ACTIVITY → Skip any pictures. Repeat the data exactly, from its first line through the line that holds "Primo Posto Bed", both included.
───── EXTRACTED MATERIAL
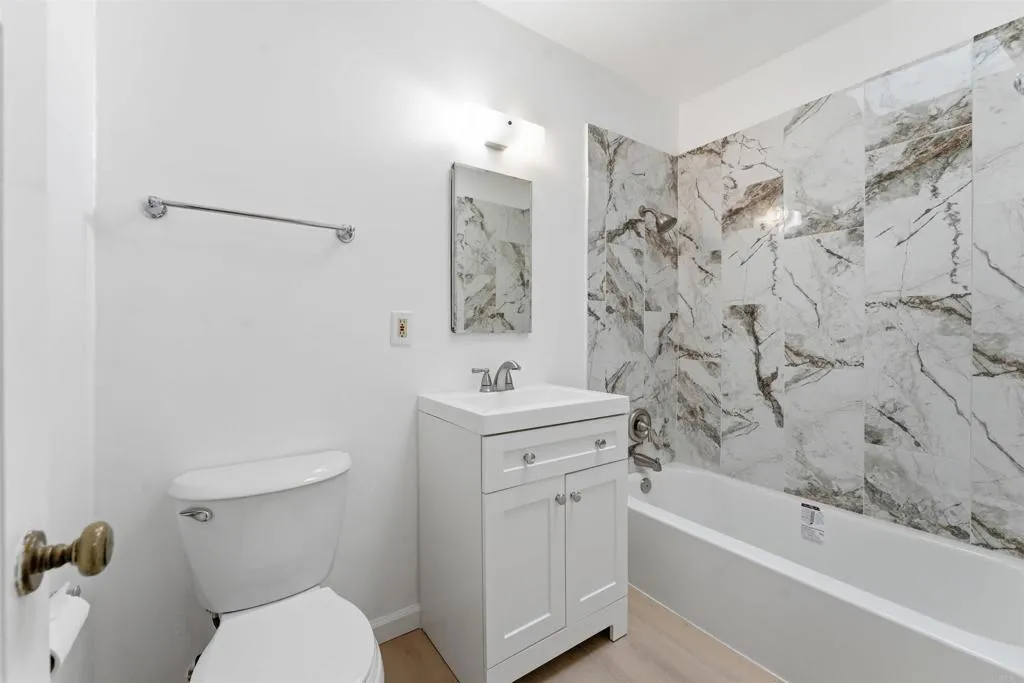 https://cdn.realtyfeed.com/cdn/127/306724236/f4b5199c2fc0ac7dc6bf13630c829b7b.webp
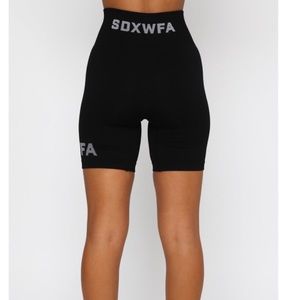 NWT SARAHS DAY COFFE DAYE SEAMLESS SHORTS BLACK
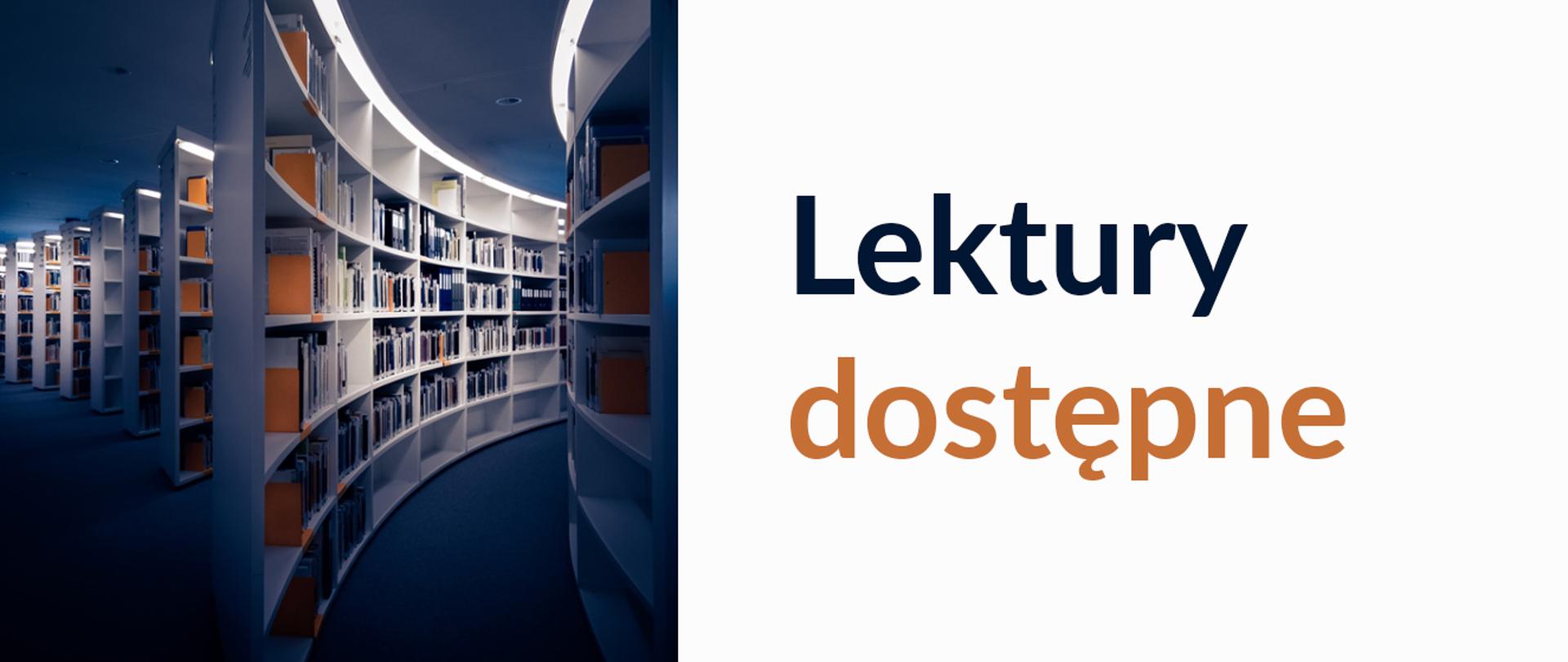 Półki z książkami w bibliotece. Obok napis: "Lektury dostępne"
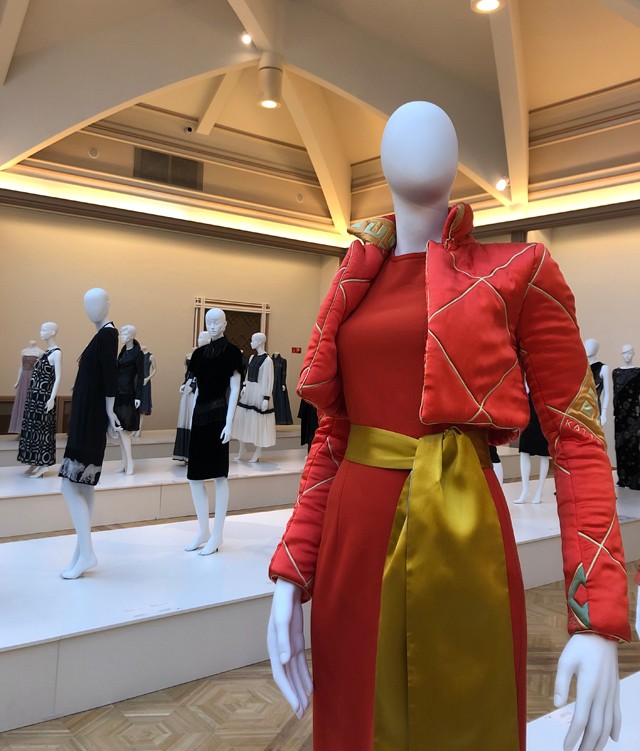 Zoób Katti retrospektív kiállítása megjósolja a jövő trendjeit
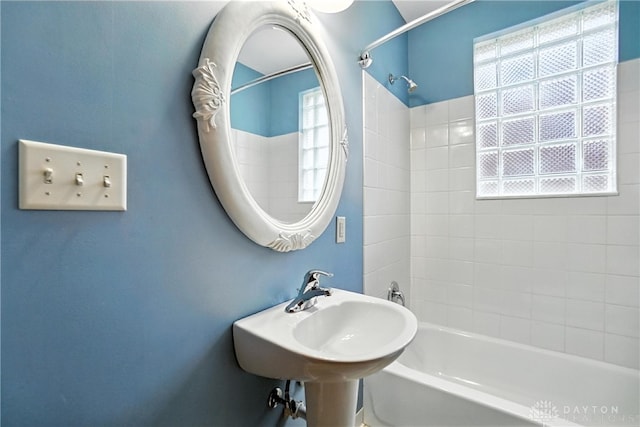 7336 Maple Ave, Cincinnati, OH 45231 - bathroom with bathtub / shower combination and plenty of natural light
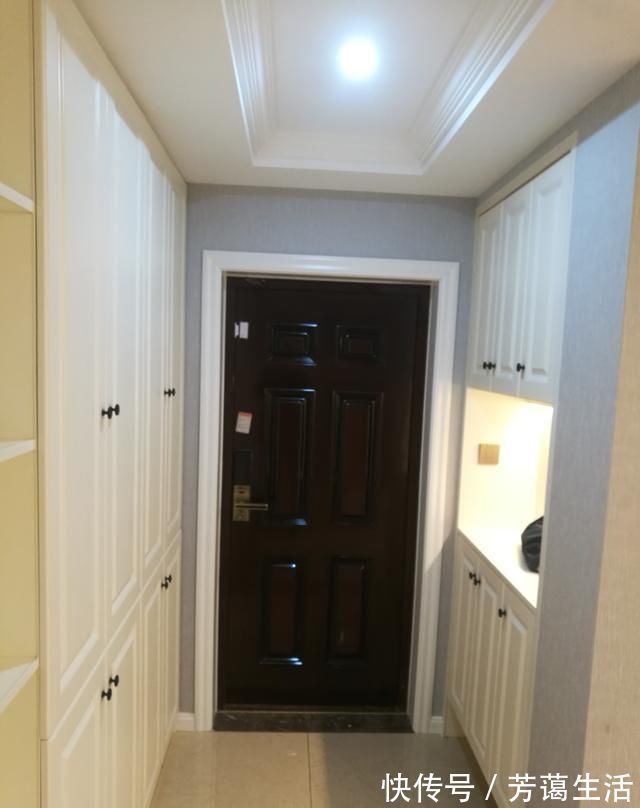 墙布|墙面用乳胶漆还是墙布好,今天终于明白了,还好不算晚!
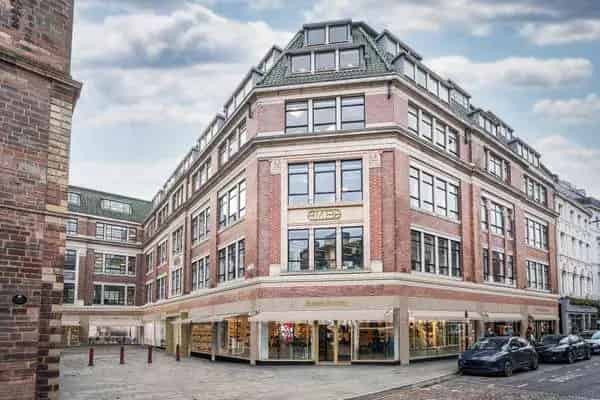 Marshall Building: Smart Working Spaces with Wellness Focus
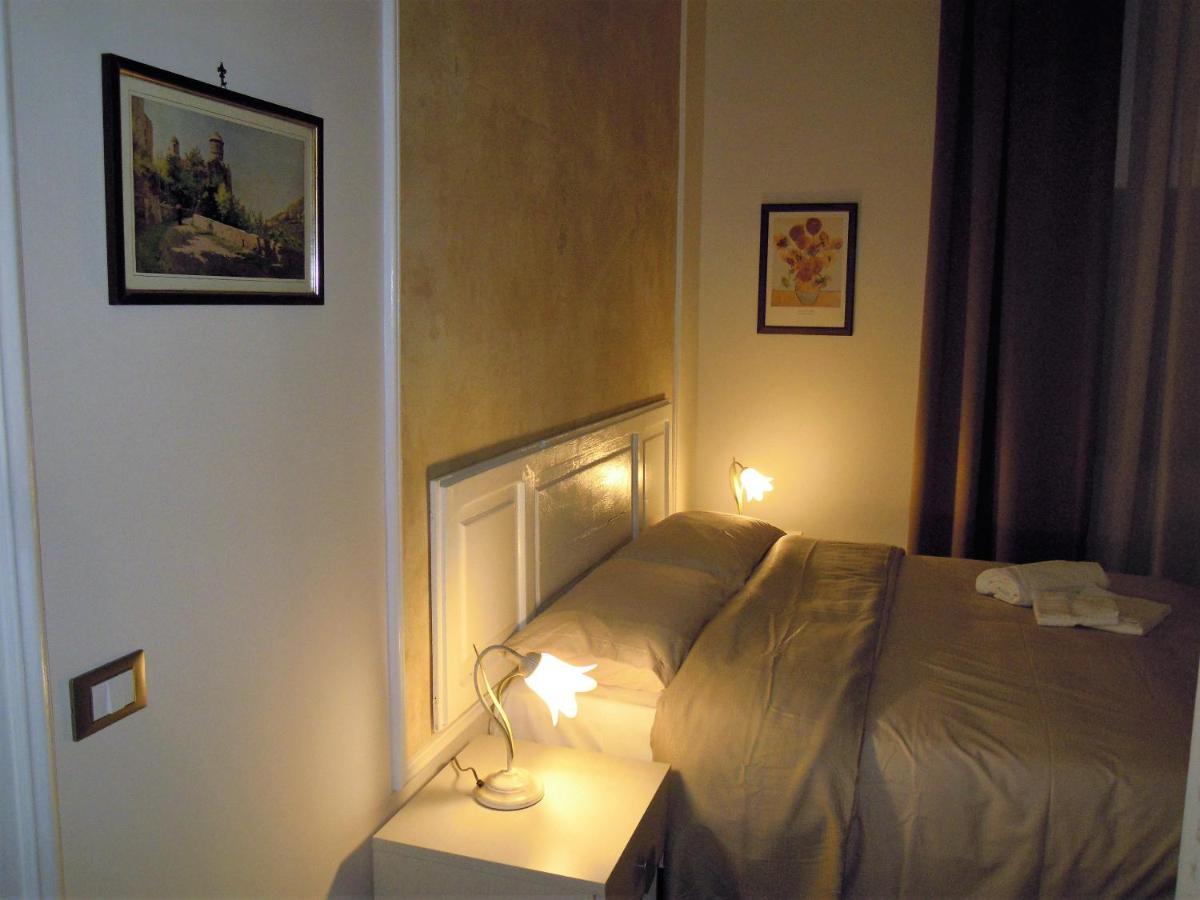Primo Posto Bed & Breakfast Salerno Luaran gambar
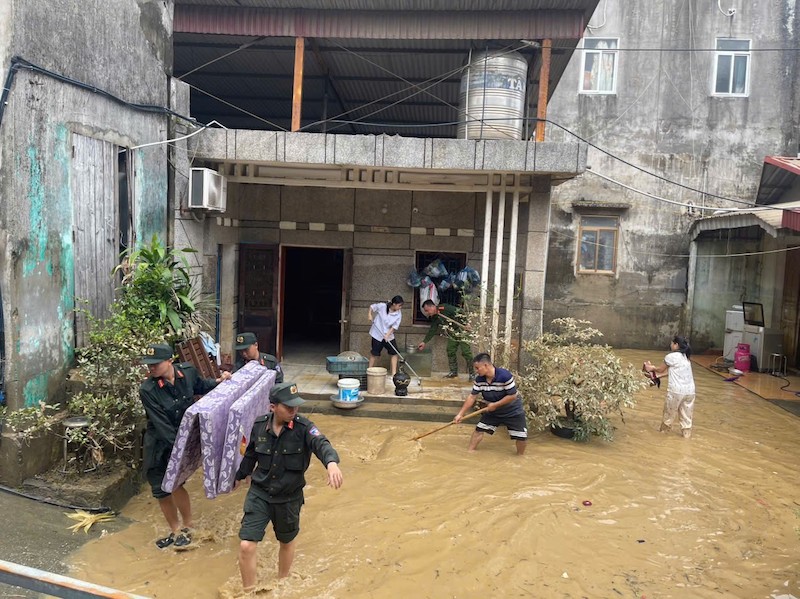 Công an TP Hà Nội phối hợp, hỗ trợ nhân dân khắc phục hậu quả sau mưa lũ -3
──────────
OUTPUT FOR THIS TASK →
 https://cdn.realtyfeed.com/cdn/127/306724236/f4b5199c2fc0ac7dc6bf13630c829b7b.webp
 NWT SARAHS DAY COFFE DAYE SEAMLESS SHORTS BLACK
 Półki z książkami w bibliotece. Obok napis: "Lektury dostępne"
 Zoób Katti retrospektív kiállítása megjósolja a jövő trendjeit
 7336 Maple Ave, Cincinnati, OH 45231 - bathroom with bathtub / shower combination and plenty of natural light
 墙布|墙面用乳胶漆还是墙布好,今天终于明白了,还好不算晚!
 Marshall Building: Smart Working Spaces with Wellness Focus
Primo Posto Bed & Breakfast Salerno Luaran gambar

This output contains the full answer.